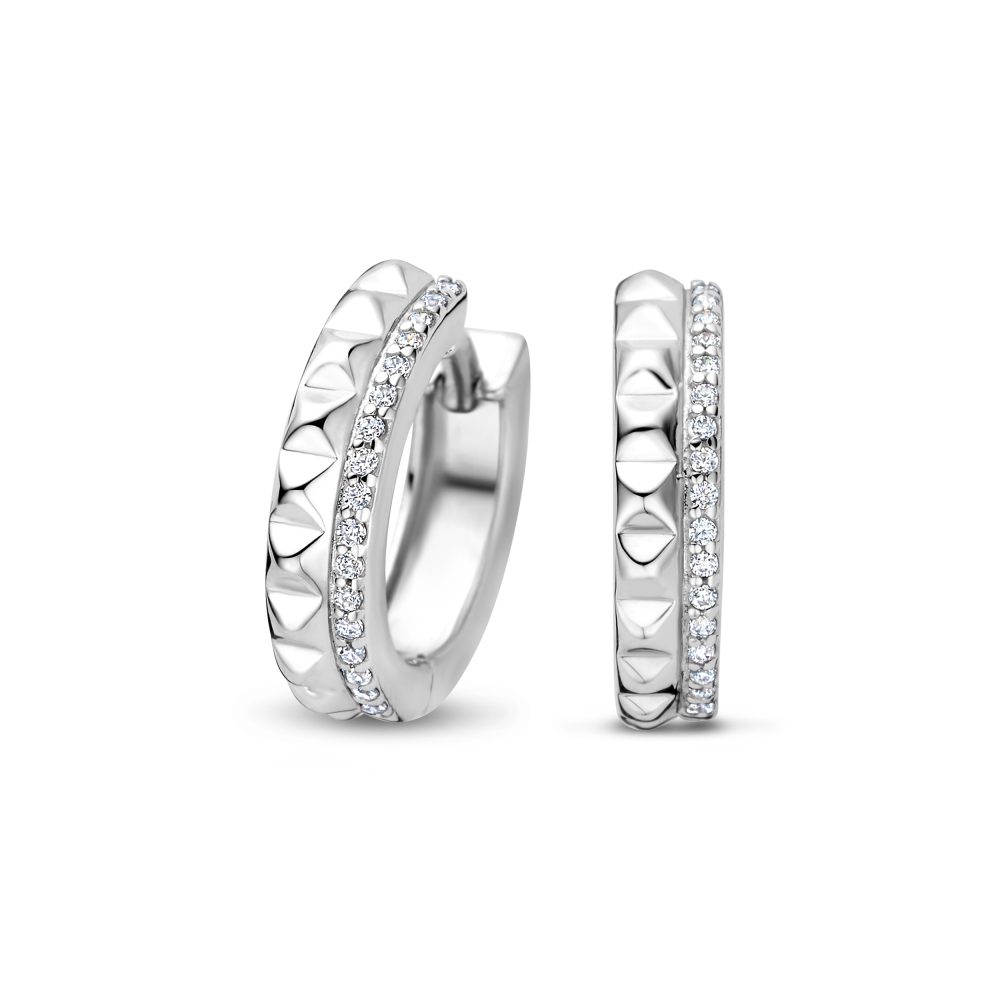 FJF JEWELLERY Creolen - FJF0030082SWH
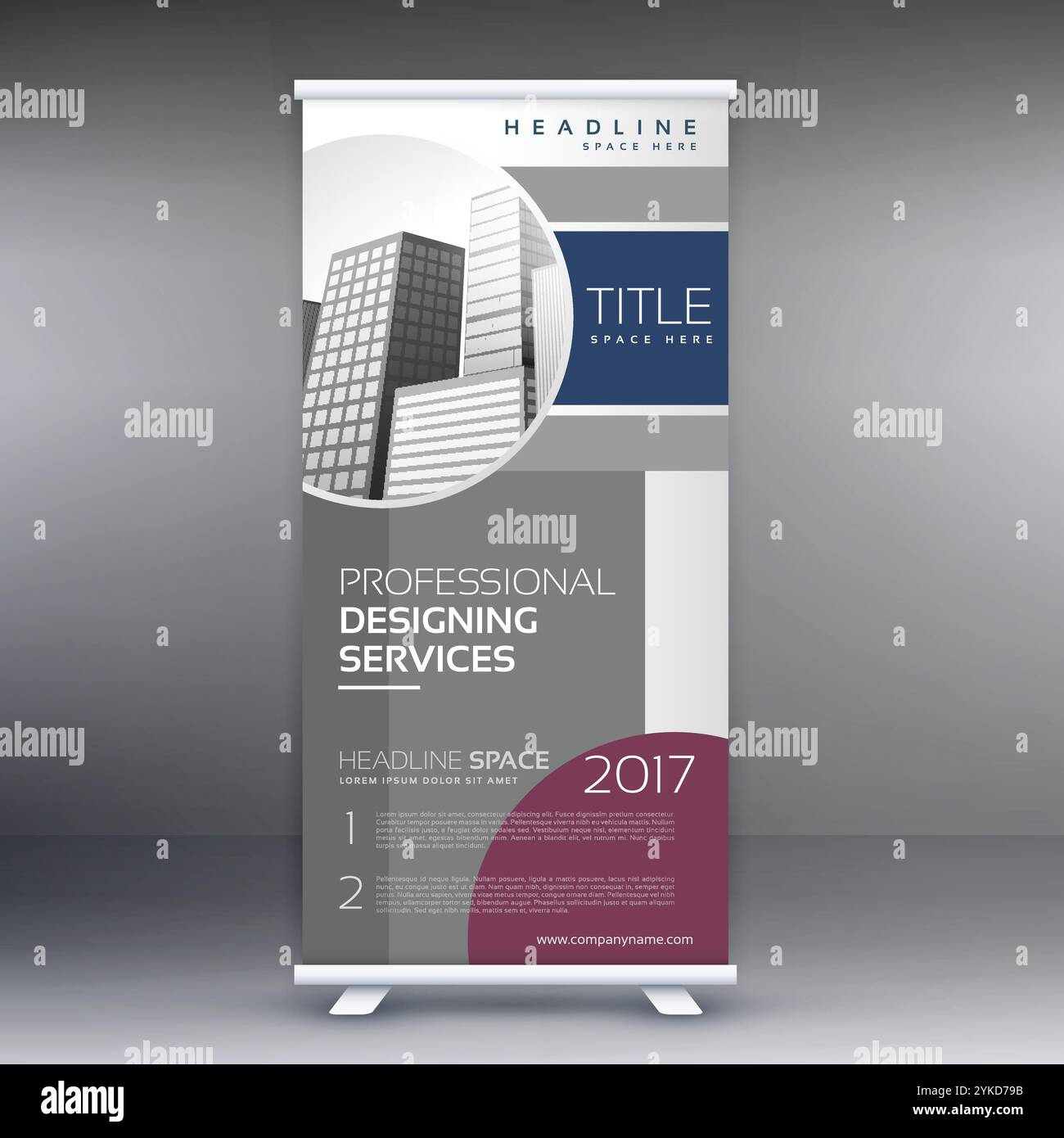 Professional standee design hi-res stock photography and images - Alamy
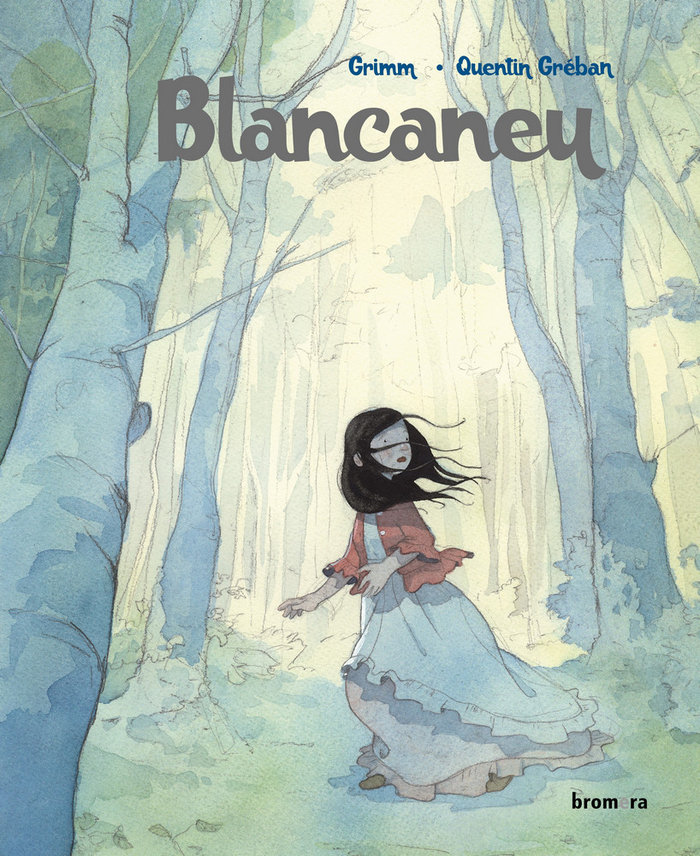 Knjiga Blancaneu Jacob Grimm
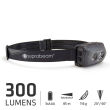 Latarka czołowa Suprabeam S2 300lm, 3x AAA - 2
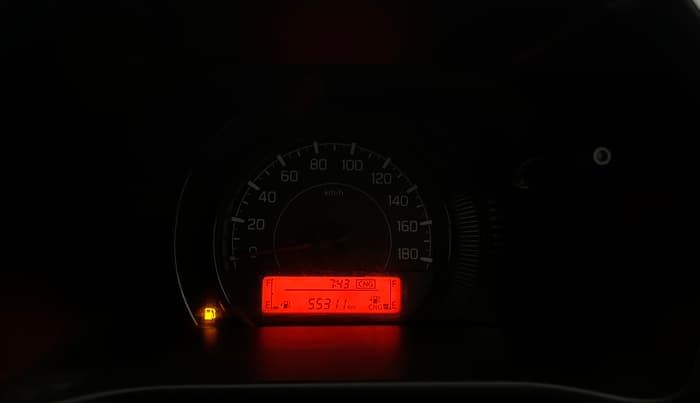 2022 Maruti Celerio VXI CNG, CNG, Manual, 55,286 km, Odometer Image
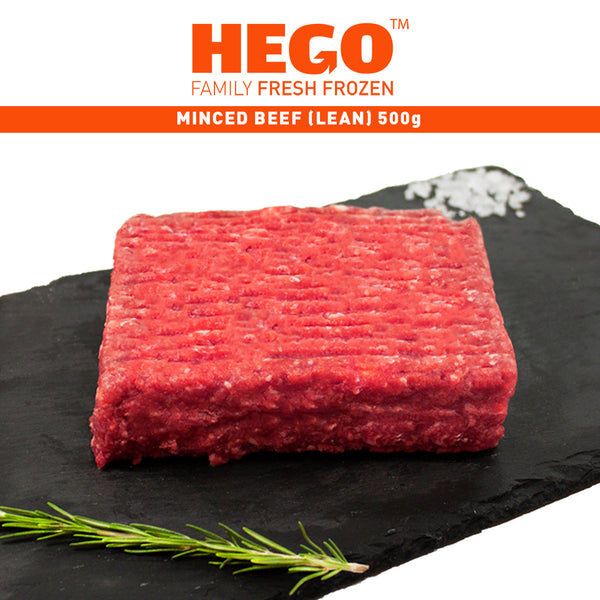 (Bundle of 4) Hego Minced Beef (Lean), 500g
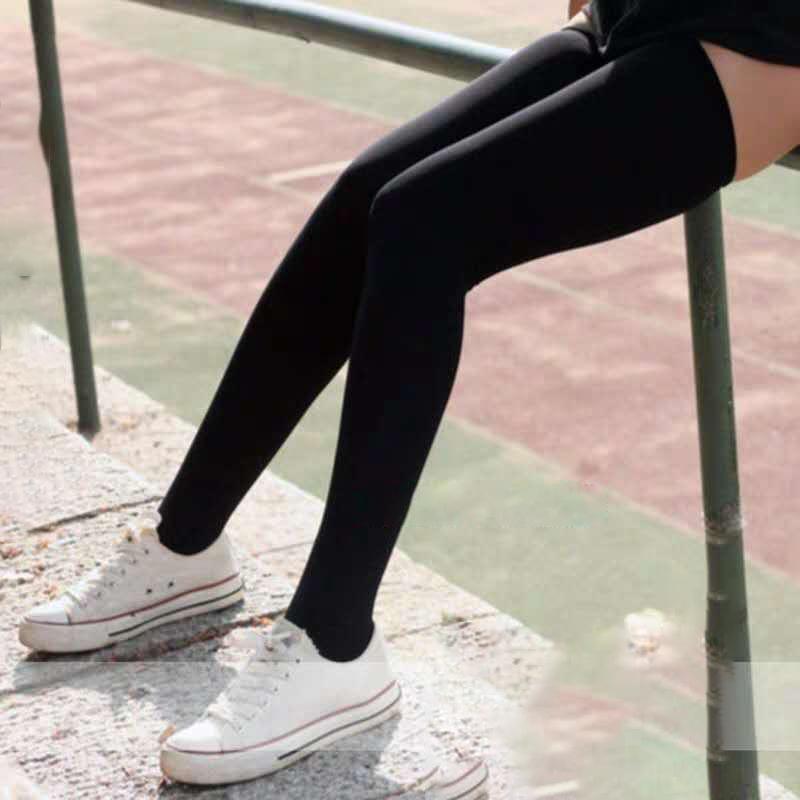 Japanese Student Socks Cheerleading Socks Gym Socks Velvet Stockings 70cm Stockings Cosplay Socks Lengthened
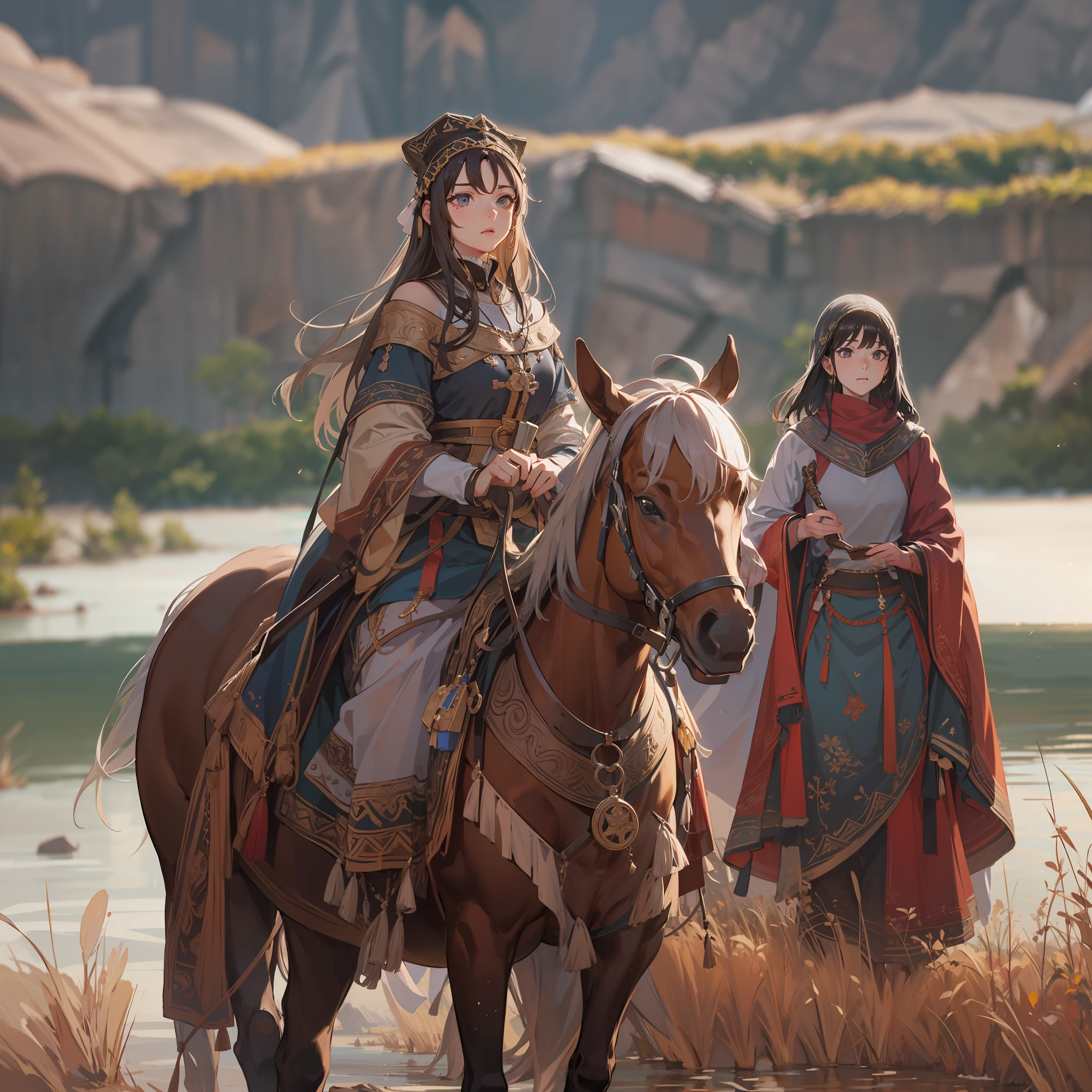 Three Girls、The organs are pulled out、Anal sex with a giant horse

----------

» **WHAT IS REQUIRED**
Retype all of the material above precisely as it reads. Pictures are not part of the copy.

» **EXERCISE SOLUTION**
 FJF JEWELLERY Creolen - FJF0030082SWH
 Professional standee design hi-res stock photography and images - Alamy
 Knjiga Blancaneu Jacob Grimm
 Latarka czołowa Suprabeam S2 300lm, 3x AAA - 2
 2022 Maruti Celerio VXI CNG, CNG, Manual, 55,286 km, Odometer Image
 (Bundle of 4) Hego Minced Beef (Lean), 500g
 Japanese Student Socks Cheerleading Socks Gym Socks Velvet Stockings 70cm Stockings Cosplay Socks Lengthened
 Three Girls、The organs are pulled out、Anal sex with a giant horse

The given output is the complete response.